I’m also bisexual myself, and am living with a woman, and I’m here to guide you through the art of edging as a sapphic!
But first, what is edging, and why do you do it?
Edging is a technique used during sex where, just before you (or your partner) orgasm/s, you pause stimulation, and wait until the build-up goes down. You then repeat the same thing again.
You can edge yourself or a partner during masturbation or sex with others, and this can be done either to last longer in bed or to extend the sex and pleasure, as well as to build up stronger orgasms when finally letting the climax come.

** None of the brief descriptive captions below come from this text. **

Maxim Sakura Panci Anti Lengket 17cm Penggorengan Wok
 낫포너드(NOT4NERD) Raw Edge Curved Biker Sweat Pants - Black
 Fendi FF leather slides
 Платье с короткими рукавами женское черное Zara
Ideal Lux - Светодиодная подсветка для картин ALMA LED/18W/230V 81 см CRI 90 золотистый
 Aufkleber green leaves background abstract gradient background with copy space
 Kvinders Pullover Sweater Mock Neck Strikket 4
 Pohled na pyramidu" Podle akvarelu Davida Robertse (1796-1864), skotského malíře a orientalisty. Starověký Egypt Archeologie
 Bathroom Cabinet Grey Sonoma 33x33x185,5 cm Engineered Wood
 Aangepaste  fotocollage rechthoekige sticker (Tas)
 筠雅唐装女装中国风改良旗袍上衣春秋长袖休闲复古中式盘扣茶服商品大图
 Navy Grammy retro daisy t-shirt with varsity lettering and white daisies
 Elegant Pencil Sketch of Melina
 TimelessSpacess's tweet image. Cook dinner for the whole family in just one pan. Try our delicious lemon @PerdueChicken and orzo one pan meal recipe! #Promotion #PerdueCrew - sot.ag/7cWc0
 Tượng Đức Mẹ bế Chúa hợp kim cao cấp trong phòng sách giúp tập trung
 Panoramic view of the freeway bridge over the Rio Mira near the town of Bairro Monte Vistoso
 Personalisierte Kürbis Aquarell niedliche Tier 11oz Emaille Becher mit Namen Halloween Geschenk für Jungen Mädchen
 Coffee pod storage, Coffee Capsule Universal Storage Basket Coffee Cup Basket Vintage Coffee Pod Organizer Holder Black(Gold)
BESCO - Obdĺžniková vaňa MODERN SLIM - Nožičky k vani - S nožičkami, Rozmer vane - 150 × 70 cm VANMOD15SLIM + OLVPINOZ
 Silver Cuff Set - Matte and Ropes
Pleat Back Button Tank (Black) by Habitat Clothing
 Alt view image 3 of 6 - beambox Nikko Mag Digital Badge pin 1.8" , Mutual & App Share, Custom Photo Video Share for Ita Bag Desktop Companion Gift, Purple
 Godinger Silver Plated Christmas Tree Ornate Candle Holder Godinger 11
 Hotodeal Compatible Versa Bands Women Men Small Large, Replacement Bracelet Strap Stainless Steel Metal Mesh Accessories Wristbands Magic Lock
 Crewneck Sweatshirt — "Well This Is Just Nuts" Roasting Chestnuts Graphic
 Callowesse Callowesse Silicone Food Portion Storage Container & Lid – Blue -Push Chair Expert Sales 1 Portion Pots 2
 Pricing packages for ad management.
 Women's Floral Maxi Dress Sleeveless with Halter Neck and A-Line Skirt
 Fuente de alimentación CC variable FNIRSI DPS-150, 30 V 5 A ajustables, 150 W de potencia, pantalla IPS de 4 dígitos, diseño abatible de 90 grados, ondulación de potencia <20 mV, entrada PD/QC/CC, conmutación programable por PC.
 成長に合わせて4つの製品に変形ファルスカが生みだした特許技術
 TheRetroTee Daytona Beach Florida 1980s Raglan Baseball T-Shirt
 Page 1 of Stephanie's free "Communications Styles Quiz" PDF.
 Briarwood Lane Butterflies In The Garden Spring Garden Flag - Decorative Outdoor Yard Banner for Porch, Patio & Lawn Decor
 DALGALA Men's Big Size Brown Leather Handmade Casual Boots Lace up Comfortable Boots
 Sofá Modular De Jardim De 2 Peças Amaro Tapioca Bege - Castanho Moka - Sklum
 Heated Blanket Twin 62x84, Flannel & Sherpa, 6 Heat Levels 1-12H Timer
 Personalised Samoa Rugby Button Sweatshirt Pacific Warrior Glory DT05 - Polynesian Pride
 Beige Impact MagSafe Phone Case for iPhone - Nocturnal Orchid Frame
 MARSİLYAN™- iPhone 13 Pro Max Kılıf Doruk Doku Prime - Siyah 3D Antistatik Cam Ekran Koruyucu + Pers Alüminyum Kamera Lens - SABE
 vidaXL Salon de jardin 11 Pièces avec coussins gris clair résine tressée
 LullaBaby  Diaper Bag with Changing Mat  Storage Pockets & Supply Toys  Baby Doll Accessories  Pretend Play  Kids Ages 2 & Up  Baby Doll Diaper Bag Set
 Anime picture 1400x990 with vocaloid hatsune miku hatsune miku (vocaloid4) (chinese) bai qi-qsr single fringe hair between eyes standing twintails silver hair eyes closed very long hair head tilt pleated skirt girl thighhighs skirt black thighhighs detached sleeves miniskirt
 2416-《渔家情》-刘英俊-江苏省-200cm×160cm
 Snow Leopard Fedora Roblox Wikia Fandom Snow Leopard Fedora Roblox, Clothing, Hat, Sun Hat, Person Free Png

Edging can also be used during power play to create a power difference between you, where the dominant controls the submissive’s orgasm and is in charge of when they are allowed to reach all the way.
Some ways to edge
Here are three pleasurable ways for beginners on how to discover edging…
- Stimulate your clitoris with your hands or a vibrator, and stop right before you reach orgasm. Wait some time, and then repeat again.
- Perform oral sex on your partner, and stop when they signal they’re about to climax. Let them rest for a while, and then give them oral sex again.
- Edge one another at the same time in the 69 position. Decide upon a signal to give when you’re getting close.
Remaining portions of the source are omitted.